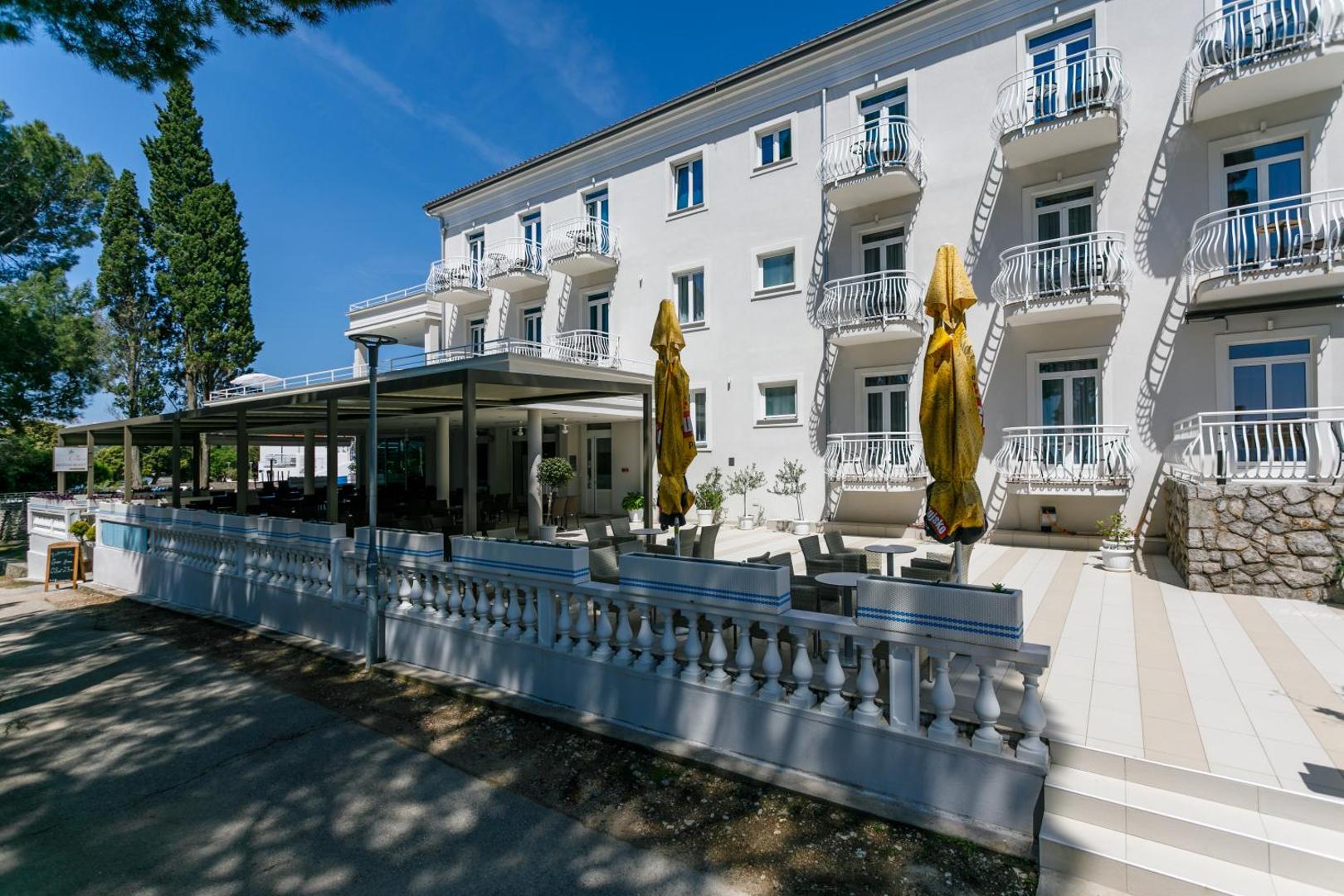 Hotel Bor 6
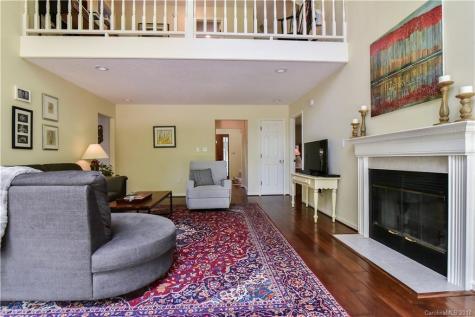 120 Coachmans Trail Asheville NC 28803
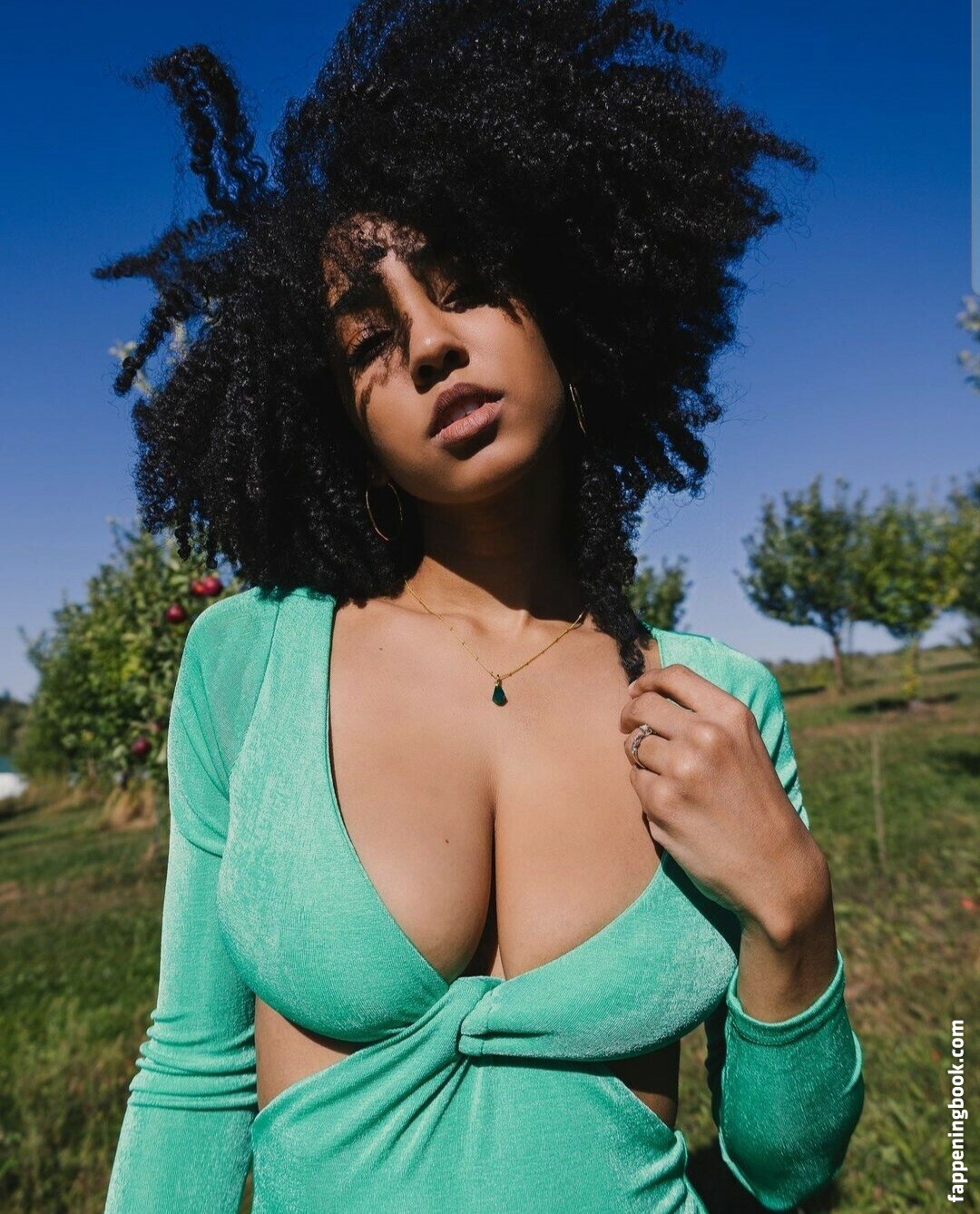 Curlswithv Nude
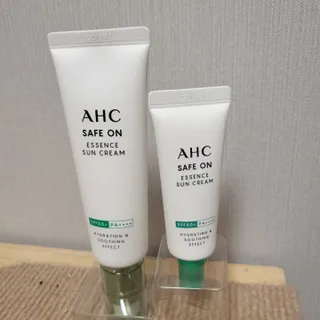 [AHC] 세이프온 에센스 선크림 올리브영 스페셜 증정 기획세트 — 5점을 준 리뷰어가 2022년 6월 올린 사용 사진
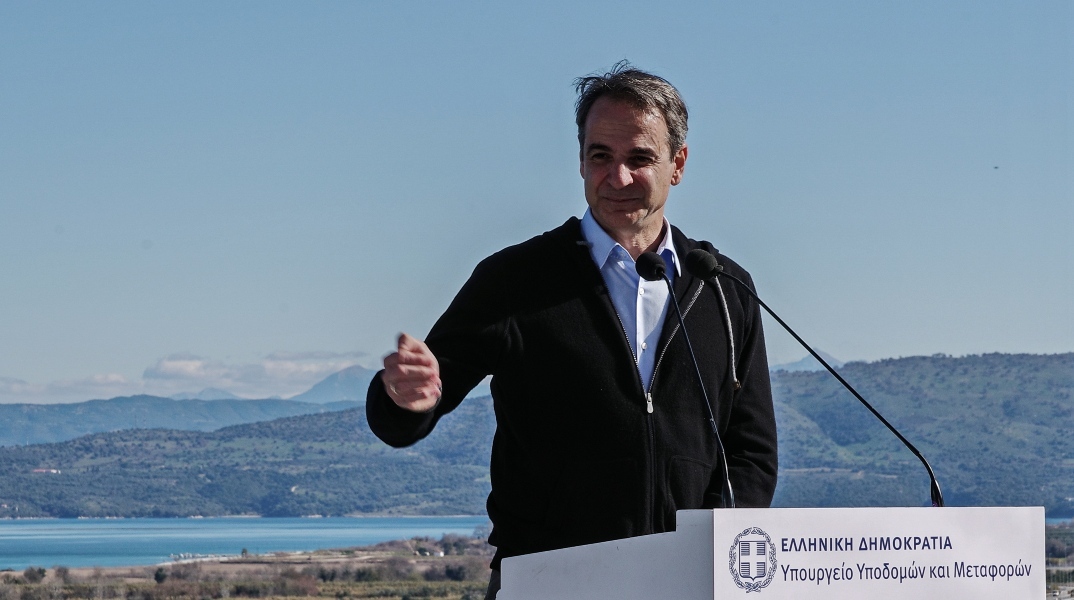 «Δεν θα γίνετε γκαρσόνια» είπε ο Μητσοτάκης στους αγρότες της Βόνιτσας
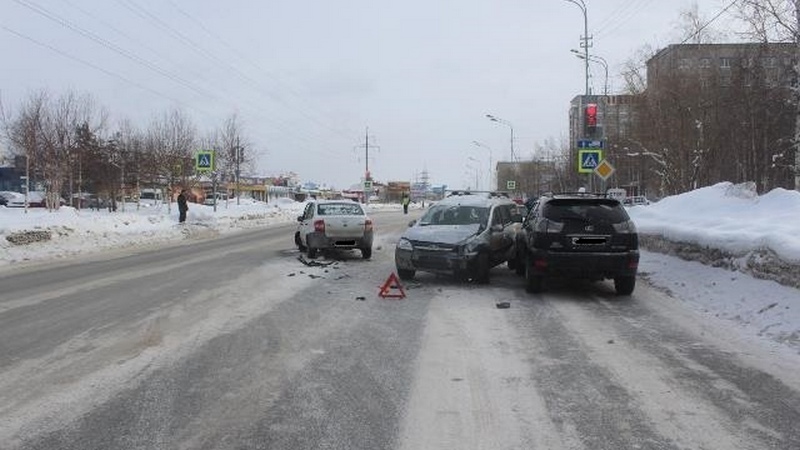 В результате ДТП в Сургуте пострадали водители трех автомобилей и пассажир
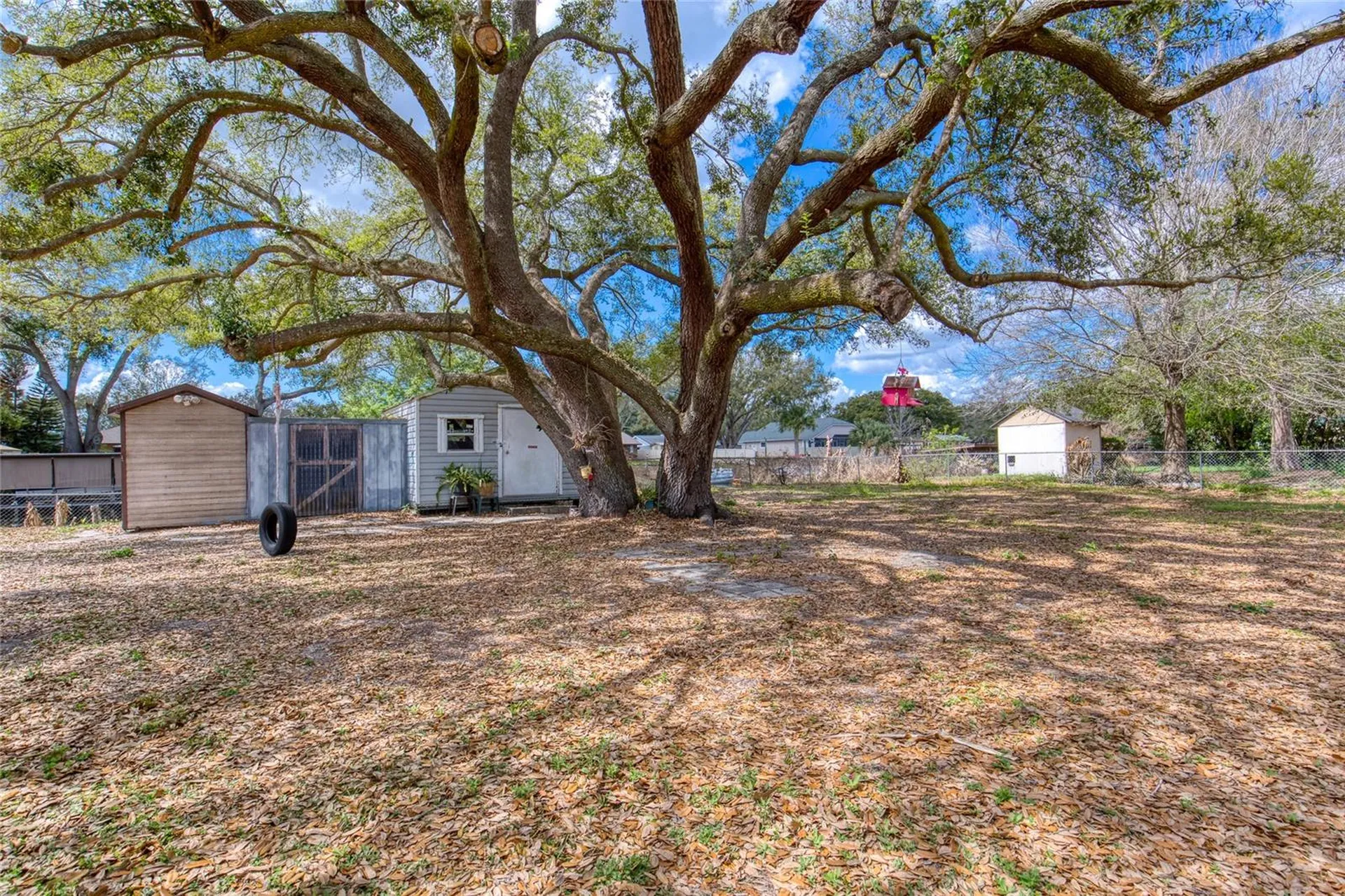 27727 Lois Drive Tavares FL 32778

◇ ◇ ◇

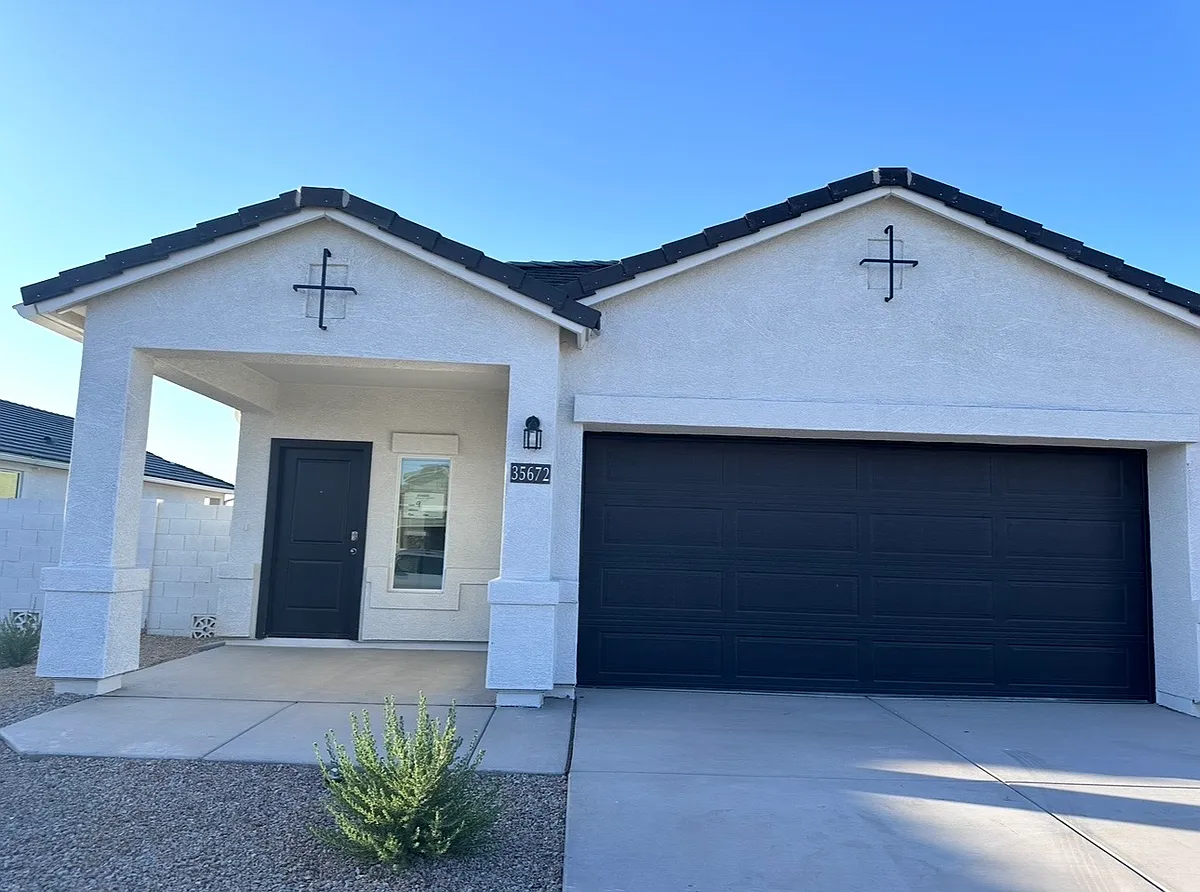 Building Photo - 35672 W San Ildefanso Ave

◇ ◇ ◇

Starting with the line that has "Hotel Bor 6" and ending with the line that has "αγρότες της Βόνιτσας", repeat the lines above exactly, omitting every picture.

 Hotel Bor 6
 120 Coachmans Trail Asheville NC 28803
 Curlswithv Nude
 [AHC] 세이프온 에센스 선크림 올리브영 스페셜 증정 기획세트 — 5점을 준 리뷰어가 2022년 6월 올린 사용 사진
 «Δεν θα γίνετε γκαρσόνια» είπε ο Μητσοτάκης στους αγρότες της Βόνιτσας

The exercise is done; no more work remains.